The entries must be repeated verbatim, and their images left out.

* * * * *

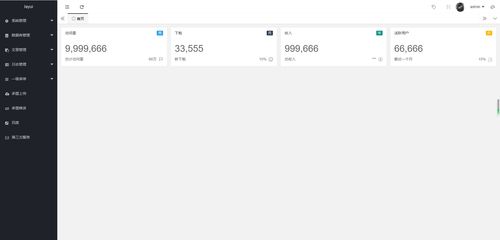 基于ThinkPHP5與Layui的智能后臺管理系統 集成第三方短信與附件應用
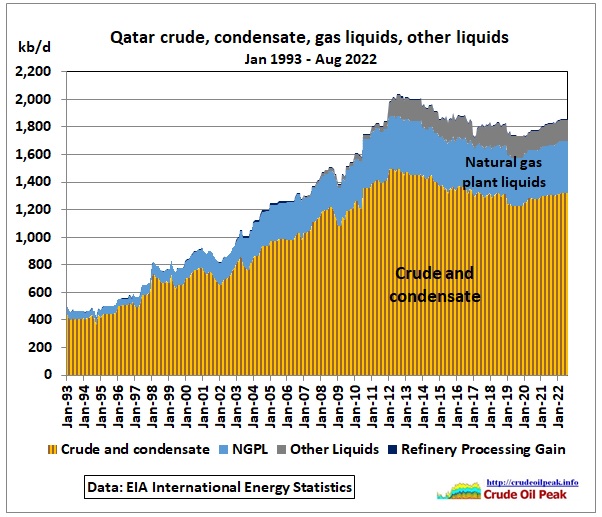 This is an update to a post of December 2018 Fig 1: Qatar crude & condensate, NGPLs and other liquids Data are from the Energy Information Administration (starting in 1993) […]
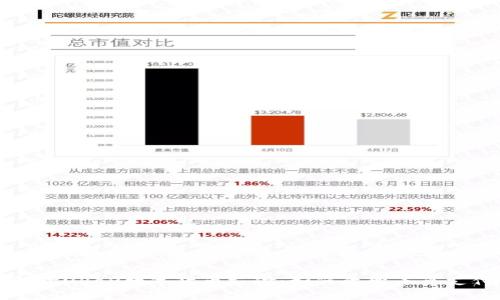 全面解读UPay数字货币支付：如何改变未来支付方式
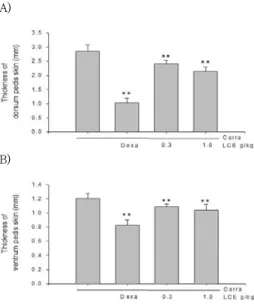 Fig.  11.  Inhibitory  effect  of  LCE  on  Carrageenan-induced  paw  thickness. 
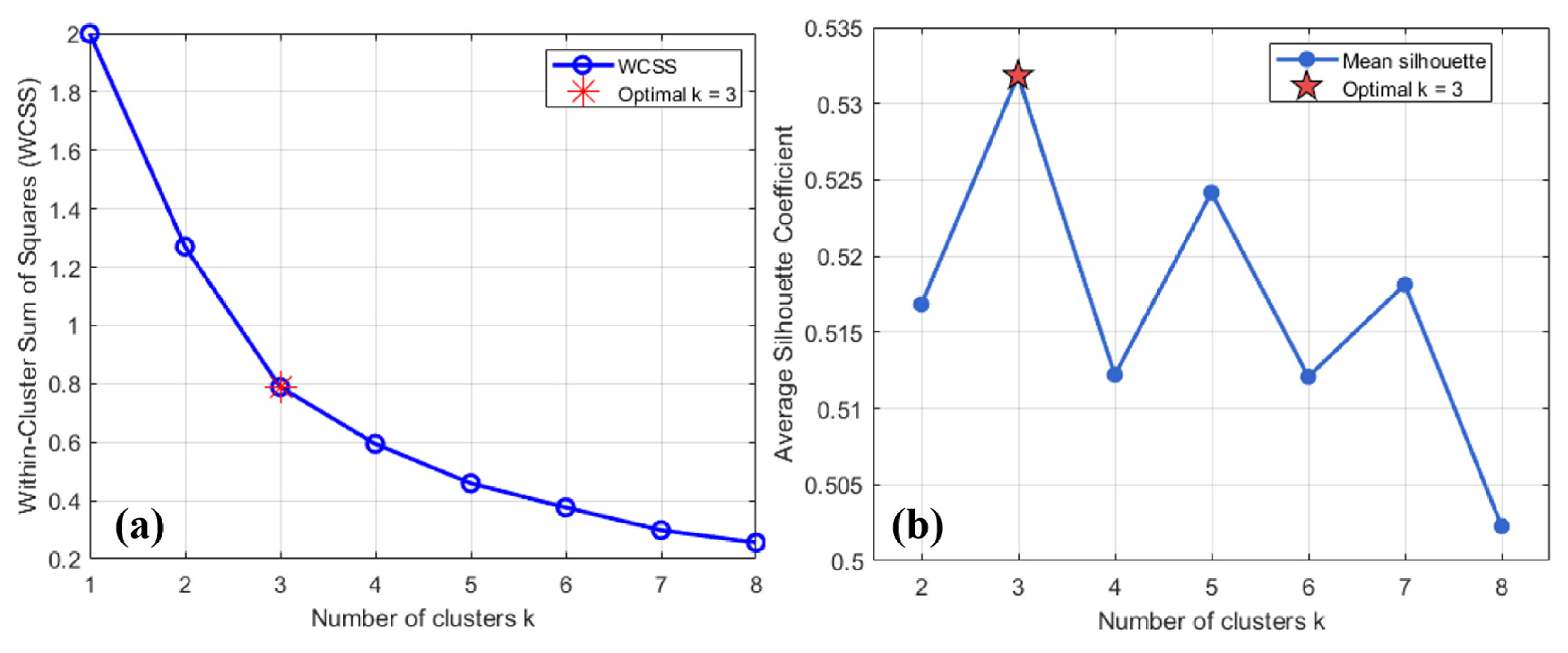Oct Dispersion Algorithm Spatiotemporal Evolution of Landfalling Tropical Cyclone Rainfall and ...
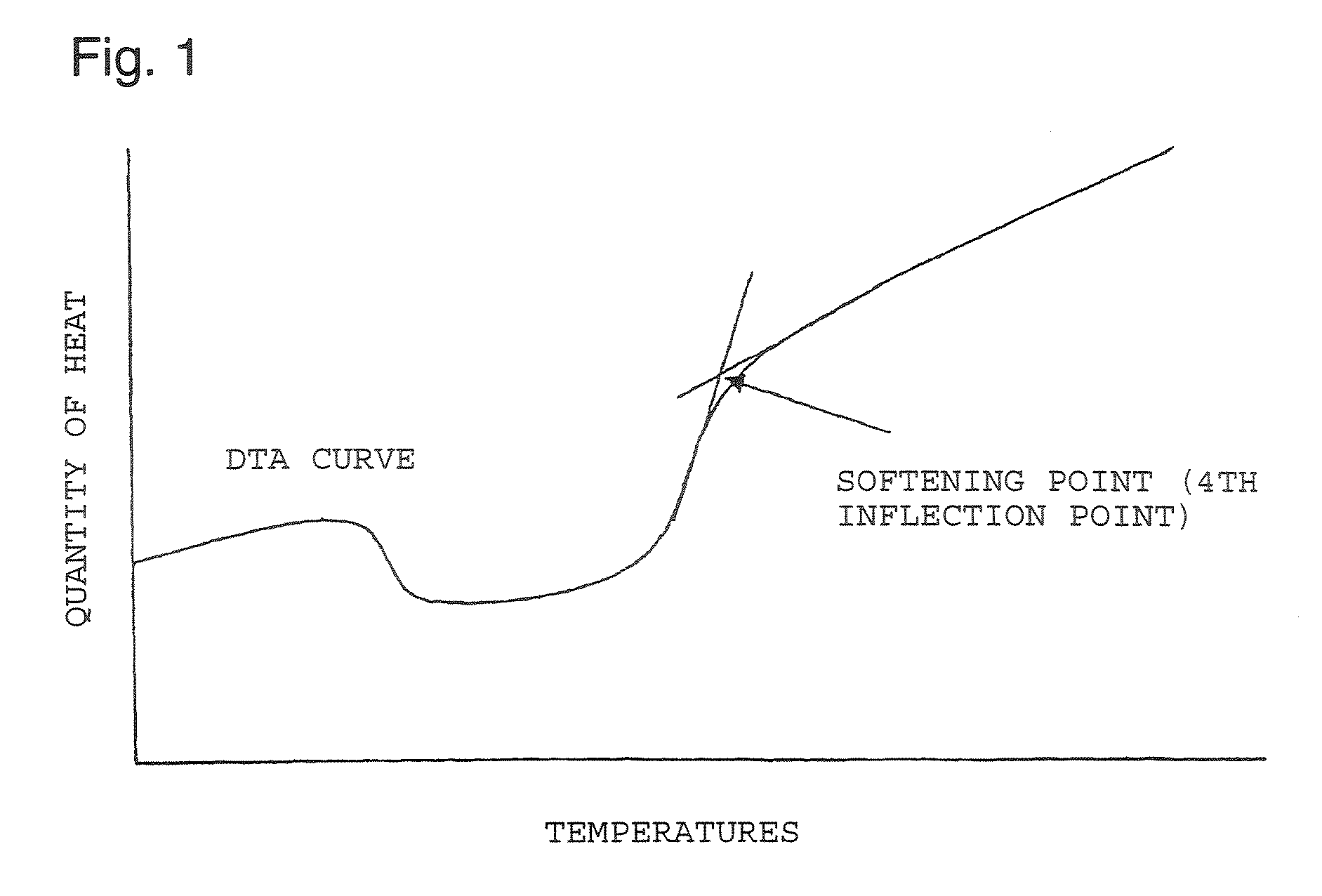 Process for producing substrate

* * * * *

WRITTEN SOLUTION
 基于ThinkPHP5與Layui的智能后臺管理系統 集成第三方短信與附件應用
 This is an update to a post of December 2018 Fig 1: Qatar crude & condensate, NGPLs and other liquids Data are from the Energy Information Administration (starting in 1993) […]
 全面解读UPay数字货币支付：如何改变未来支付方式
 Fig.  11.  Inhibitory  effect  of  LCE  on  Carrageenan-induced  paw  thickness. 
Oct Dispersion Algorithm Spatiotemporal Evolution of Landfalling Tropical Cyclone Rainfall and ...
 Process for producing substrate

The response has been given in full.